Plant pests
Spider mites: how to spot them and eliminate them from plants
Complete guide to spider mites (Tetranychus urticae): how to recognise symptoms, remove the pest and prevent new outbreaks.
Updated on 2026-07-14 · 7 min read
Spider mites are among the most insidious pests of both houseplants and garden plants. They are tiny (less than half a millimetre), almost invisible to the naked eye, and thrive in the warm, dry conditions typical of heated homes in winter. Miss them and they can weaken and kill a plant in a few weeks. The good news: they respond well to natural methods, if you act early.
What spider mites are
The common spider mite (Tetranychus urticae, often actually yellow-greenish despite the popular name) is a plant-feeding mite that sucks sap by piercing leaf cells. It multiplies at temperatures above 25°C and air humidity below 50%. Generations follow every 7-14 days, so a small infestation can explode in weeks.
Typical symptoms
- Yellowish or silvery stippling on the upper leaf surface, later turning brown.
- Overall leaf discolouration, as if faded.
- Fine white webbing between petiole and leaf, or in branch axils, in more advanced infestations.
- Leaves that dry from the edges and drop.

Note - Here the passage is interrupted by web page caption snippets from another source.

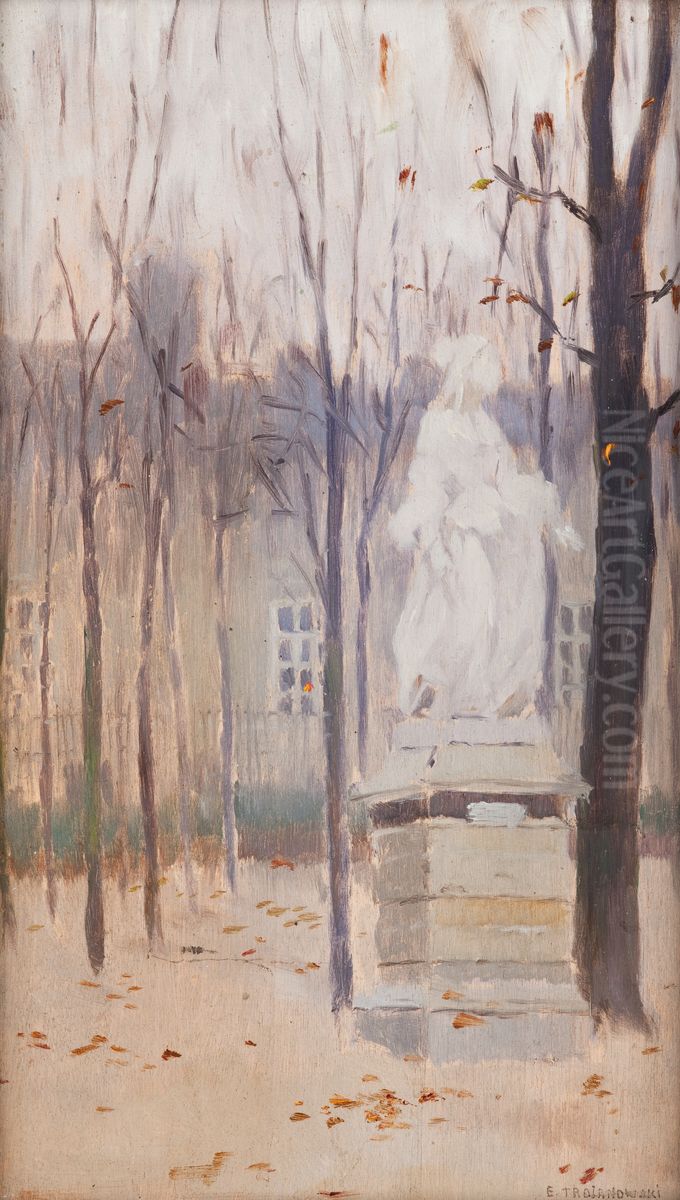 In the Luxembourg Garden Oil Painting by Edward Trojanowski
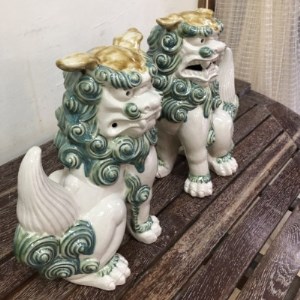 手作りシーサー緑釉絵付け【1396711】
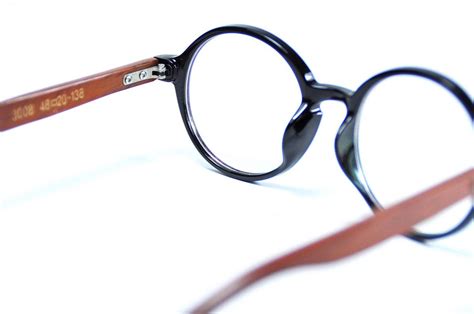 Vintage Retro Womens Mens Round Wooden Oversized Eyeglass Frames Rx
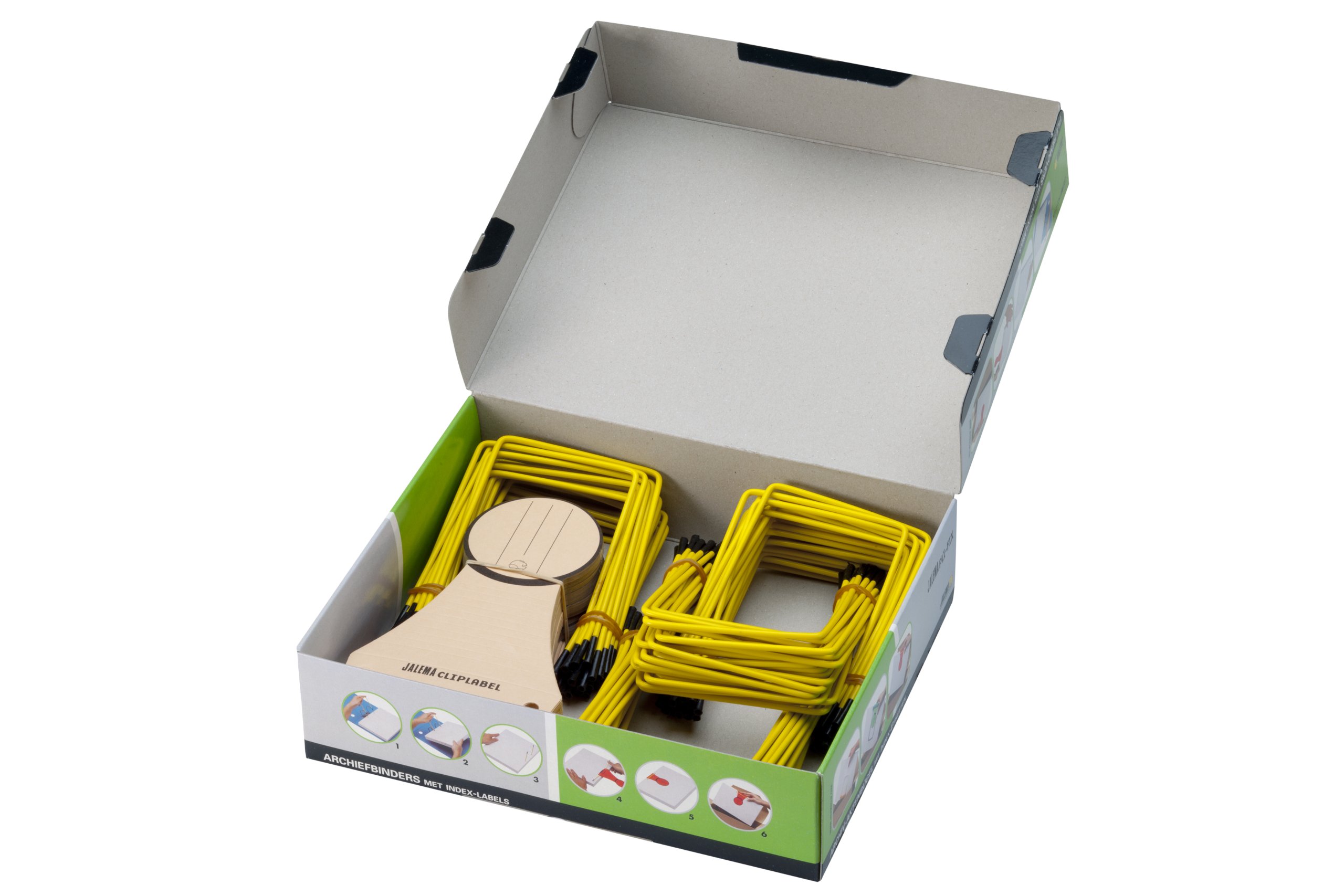 Jalema Pli-Fix 2639800000, capacità di riempimento circa 700 fogli, confezione da 100 pezzi, fori da 88 mm, giallo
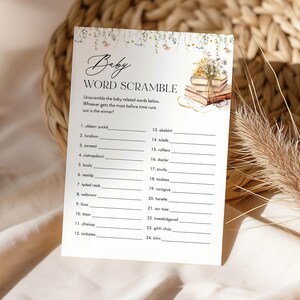 Baby Word Scramble Game, Printable Baby Word Puzzle, New Chapter Story Book Baby Shower Game, Editable Template, Instant #0066-14BAG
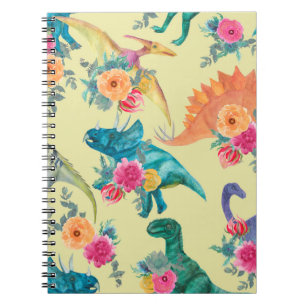 Cuaderno Patrón de dinosaurios de pintura acuarela. Barba s
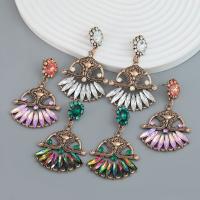 Tibetan Style Drop Earrings, fashion jewelry & for woman & with rhinestone, more colors for choice, nickel, lead & cadmium free, 62x40mm, Sold By Pair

- Tiny moving dots on the underside of the leaves when viewed with a magnifying lens.
Most affected plants
Spider mites attack almost anything, but some plants are particularly vulnerable: calathea, maranta, ficus, dracaena, hibiscus, roses, tomatoes, beans, ivy. Thin-leaved plants with a large surface area are their favourites. Calatheas, especially, develop lightning-fast infestations when kept in air that's too dry.
How to eliminate them: step-by-step protocol
- 1) Isolate the affected plant immediately to keep the mites away from other plants in the house.
- 2) Give the plant a shower: under lukewarm water, lathering well with mild soap or potassium soap (5-10 g/L). Focus on the underside of the leaves where mites hide. Mechanical cleaning alone removes 70-80% of the mites.
- 3) Over the next 2-3 days treat with diluted neem oil (2-5 ml/L of water, with a teaspoon of soap as an emulsifier) or with potassium soap alone, spraying the whole plant — leaves and stems, upper and lower surfaces.
- 4) Repeat every 5-7 days for at least 3 cycles. Mites cycle every 7-14 days: stopping earlier means the eggs restart the infestation.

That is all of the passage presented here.